**Instructions for the task**
Output only the lines below that start at the line containing "Garantee Covered Bangle" and end at the line containing "413 46150 THOMAS ROAD, Vedder Crossing", with both ends kept.

**Record excerpts**
::::

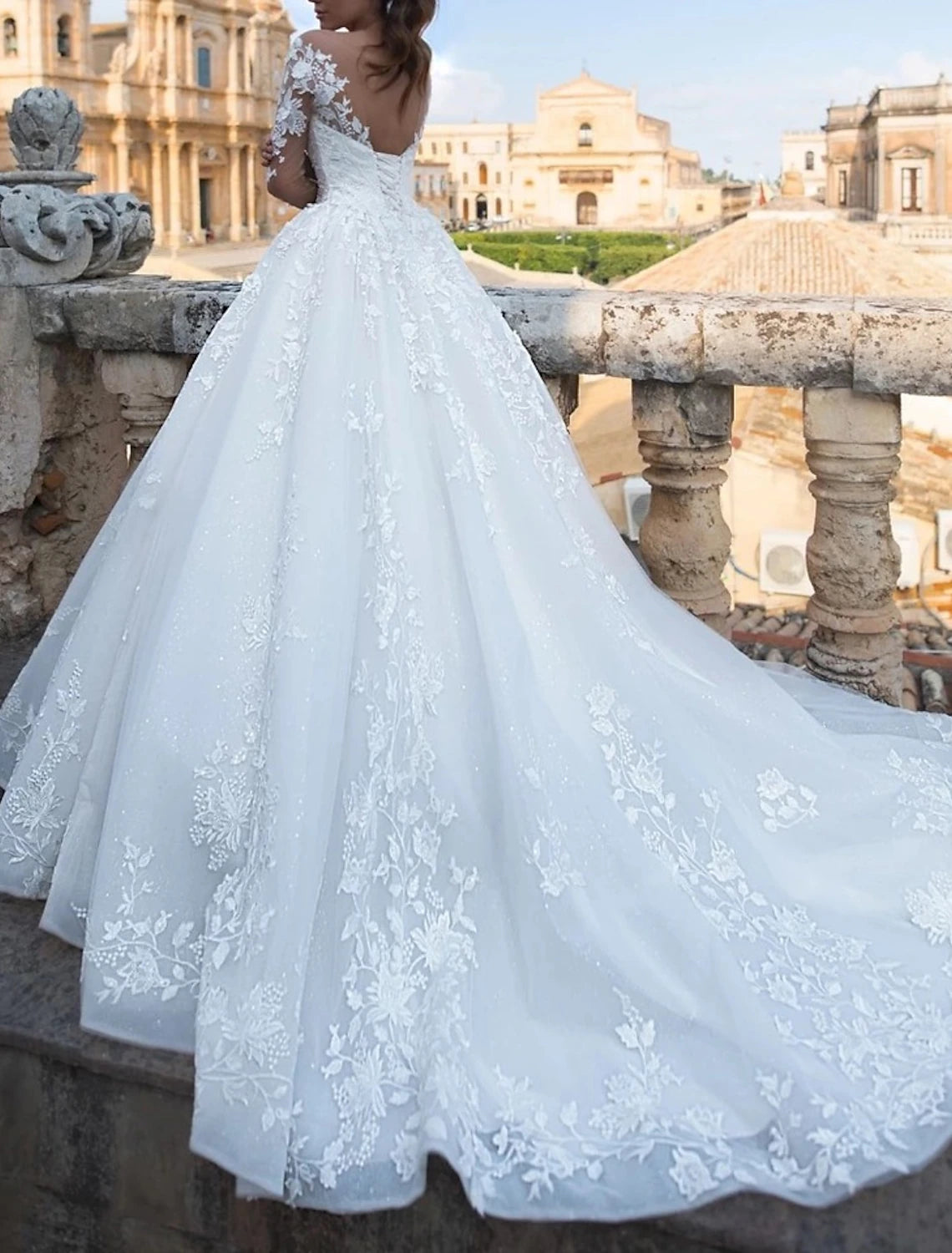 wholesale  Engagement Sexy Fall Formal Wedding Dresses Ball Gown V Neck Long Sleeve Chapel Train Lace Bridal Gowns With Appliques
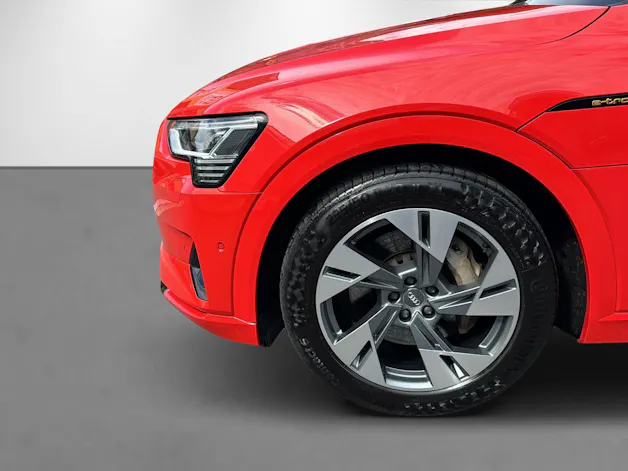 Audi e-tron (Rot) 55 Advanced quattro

::::

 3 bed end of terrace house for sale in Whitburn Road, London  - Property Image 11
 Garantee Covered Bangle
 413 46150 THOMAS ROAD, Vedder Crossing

::::

**Written answer**
 Garantee Covered Bangle
 413 46150 THOMAS ROAD, Vedder Crossing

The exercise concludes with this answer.